If the information society has an iconic form (one could hardly say an
embodiment) it is the Internet. The Net is the anarchic, decentralised network
of computers that provides the main locus of digital interchange. While
Vice-President Gore, the Commerce Department and the National
Telecommunications and Information Administration were planning the
"information superhighway" the Net was becoming it.

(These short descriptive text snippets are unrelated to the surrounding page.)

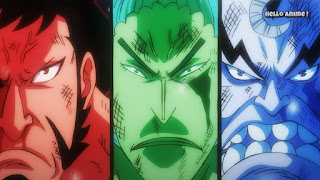 ワンピースアニメ 1000話 ワノ国編 | ONE PIECE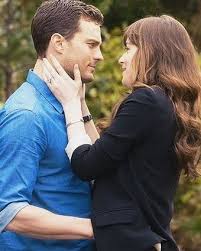 Fifty shades freed shows the new lifestyle and home that christian grey (jamie dornan) and anastasia ana grey (dakota johnson) have created together. Laters Baby Christian Gray Fifty Shades Fifty Shades Trilogy Fifty Shades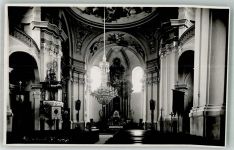 Hejnice Haindorf 1933 Foto AK Kirche Ort lt. Fotograf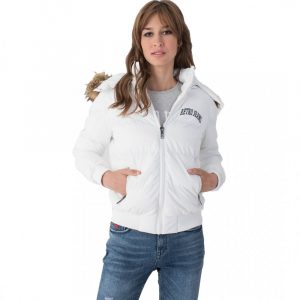 Retro kabát MAURA 22 OFFWHITE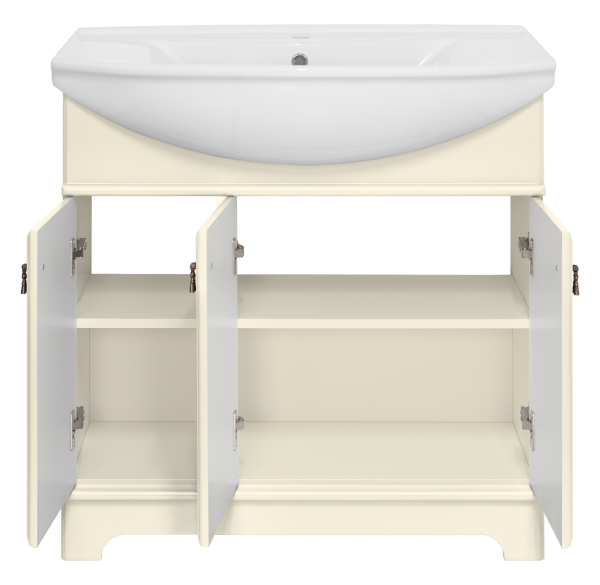 Тумба под раковину Misty Лувр 85  П-Лвр01085-1014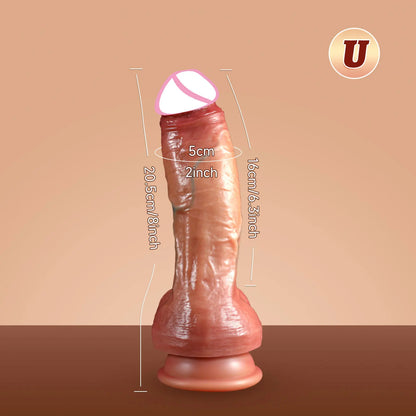 Dildo Realista Grosso e Grande - Prazer em TI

Accordingly, if the government produced a proposal that laid down the ground
rules for the information economy, that profoundly altered the distribution of
property rights over this extremely important resource and that threatened to
"lock in" the power of current market leaders, one would expect a great deal of
attention to be paid by lawyers, scholars and the media. Nothing could be
further from the truth. The appearance of the Clinton Administration "White
Paper"(27) on intellectual property on the National Information Infrastructure
produced almost no press reaction. The same was true of the introduction and
eventual stalling of the White Paper's legislative proposals in both the House
and the Senate.(28) Given the potential ramifications of the legislation, this
alone, it seems to me, would be strong evidence for the proposition that
greater scrutiny of our intellectual policy making is needed. But the problem
lies deeper.

Elsewhere I, and many others, have written about the problems with the White
Paper's account of current law, its distressing tendency to misstate, minimise
or simply ignore contrary cases, policy and legislative history, its habit of
presenting as settled, that which is in fact a matter of profound dispute.(29)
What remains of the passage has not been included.